• **DATA**
[Start of Attachment]

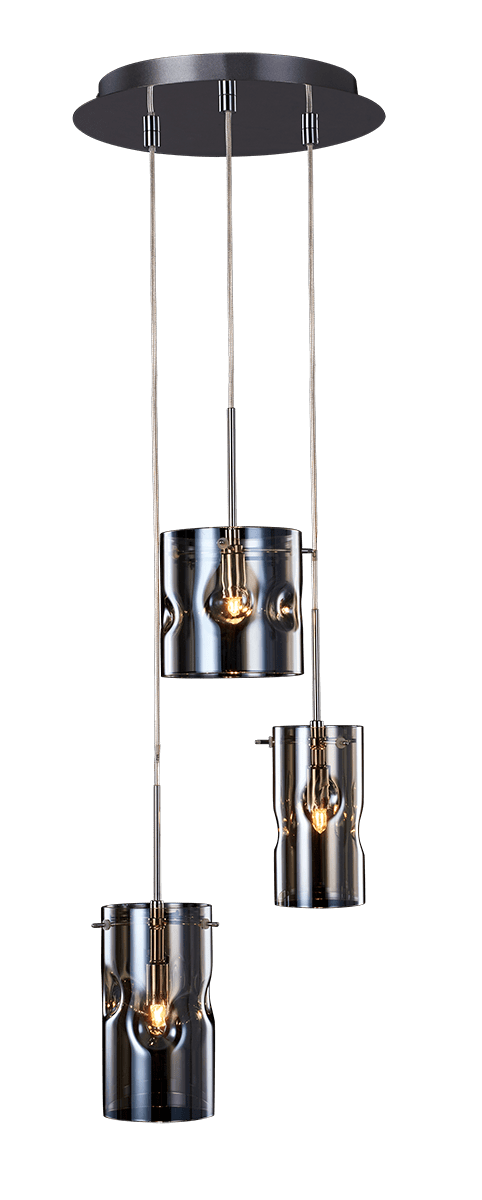 Hessey 3 Light Spiral Pendant - 2 Colour Options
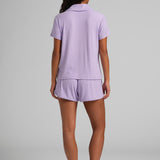Slinky Rib Short Sleeve PJ Set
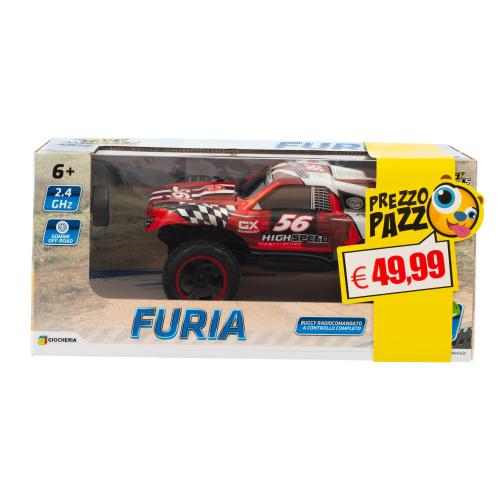 PREZZO PAZZO FAST WHEELS - AUTO FURIA BUGGY 1:12 RC DOPPIA BATTERIA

[End of Attachment]

Pictures do not go in the copy. Write out exactly the lines from the line containing "Slinky Rib Short Sleeve PJ Set" through the last line of the listing.

Slinky Rib Short Sleeve PJ Set
 PREZZO PAZZO FAST WHEELS - AUTO FURIA BUGGY 1:12 RC DOPPIA BATTERIA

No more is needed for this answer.